Das Interessenkonzept basiert auf pädagogisch-psychologischen Grundlagen zu persönlichem Interesse und Lernerfahrungen im schulischen Kontext. Weindl erklärt hier die Unterformen von Interesse und die verschiedenen wissenschaftlichen Perspektiven darauf. Wie er selbst sagt, lassen sich deren Erkenntnisse für die Schuldidaktik aber nur bedingt auf Museen übertragen. Umso mehr überrascht es deshalb, dass er diese umfangreichen Darlegungen dann kaum konkret auf den Museumsbereich überträgt, sondern dies eher indirekt impliziert. Dennoch wird verständlich, warum Weindl dieses Konzept bevorzugt: Hierbei geht um die individuelle Beziehung zu Themen oder Gegenständen, deren Ursprung im persönlichen Interesse und dessen situative Veränderungen. Beide Aspekte - persönliches und situationales Interesse - lassen sich für museale Objektbegegnungen empirisch erheben. 
 
Konkret untersucht Weindl in seiner Erhebung die Wirkung von Objekten auf die Emotionen und das Interesse der Studienteilnehmer*innen.

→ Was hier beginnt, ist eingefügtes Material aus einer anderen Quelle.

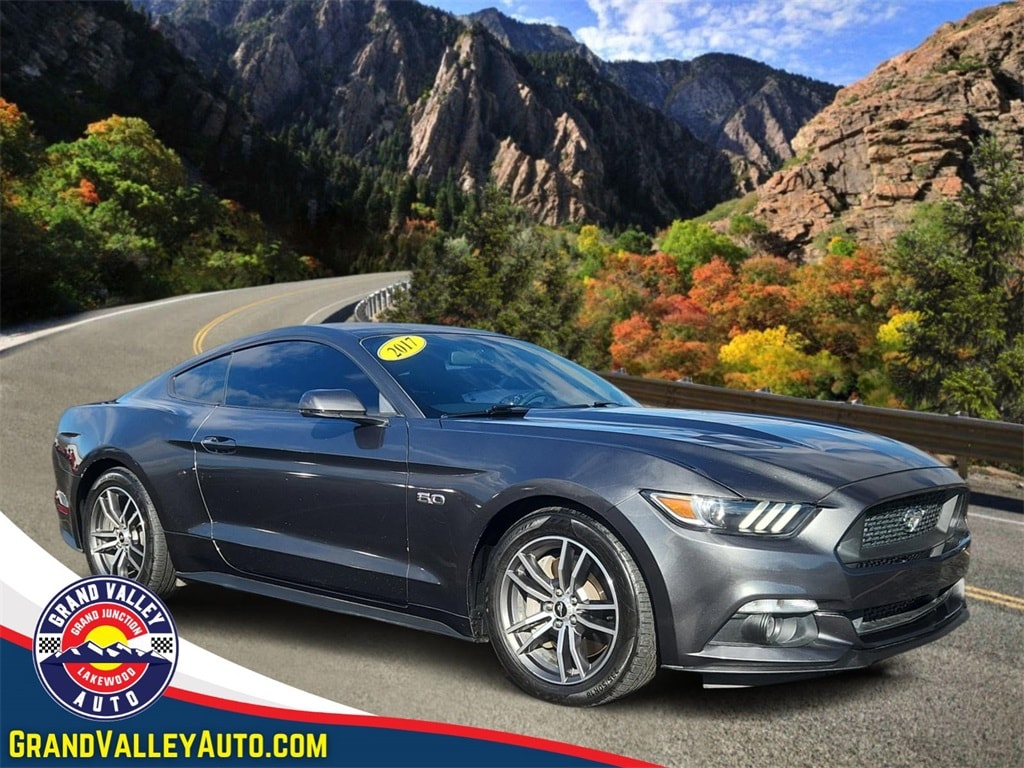 2017 Ford Mustang GT Premium's photo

In den Mittelpunkt stellt er sechs ausgewählte Objekte aus der Mittelalterausstellung des Oberhausmuseums Passau. Diese deklarierte er während eines Zeitraums von zwei Wochen mittels Objektbeschilderungen abwechselnd als Originale und Nachbildungen. Im gleichen Zeitraum wurden Besucher*innen quantitativ zu ihren Eindrücken der Objekte befragt. Dafür wurden sie mit zwei verschiedenen Fragebögen - einem mit und einem ohne eine spezifische Frage zur Objektauthentizität - zufällig zwei Gruppen zugeordnet. Das Ergebnis bildeten 395 auswertbare Fragebögen. Beide Gruppen waren dabei statistisch vergleichbar. 
 
Die Ergebnisse zeigen nur wenige Unterschiede zwischen beiden Gruppen. So bewertete die Gruppe mit der Frage nach Authentizität das Interesse an Nachbildungen geringer, die Gruppe ohne die konkrete Frage danach dieses ungefähr gleich mit dem Interesse an Originalen. Zudem konnte sich die Gruppe mit der Frage nach Authentizität im Anschluss an den Museumsbesuch besser an die sechs abgefragten Objekte erinnern. Die Manipulation der Objektschilder, der beide Gruppen unterlagen, wirkte sich demnach nur auf die Gruppe aus, die explizit nach Authentizität befragt wurde. In der anderen spielte sie keine Rolle und damit auch nicht, ob die Objekte Originale oder Nachbildungen waren.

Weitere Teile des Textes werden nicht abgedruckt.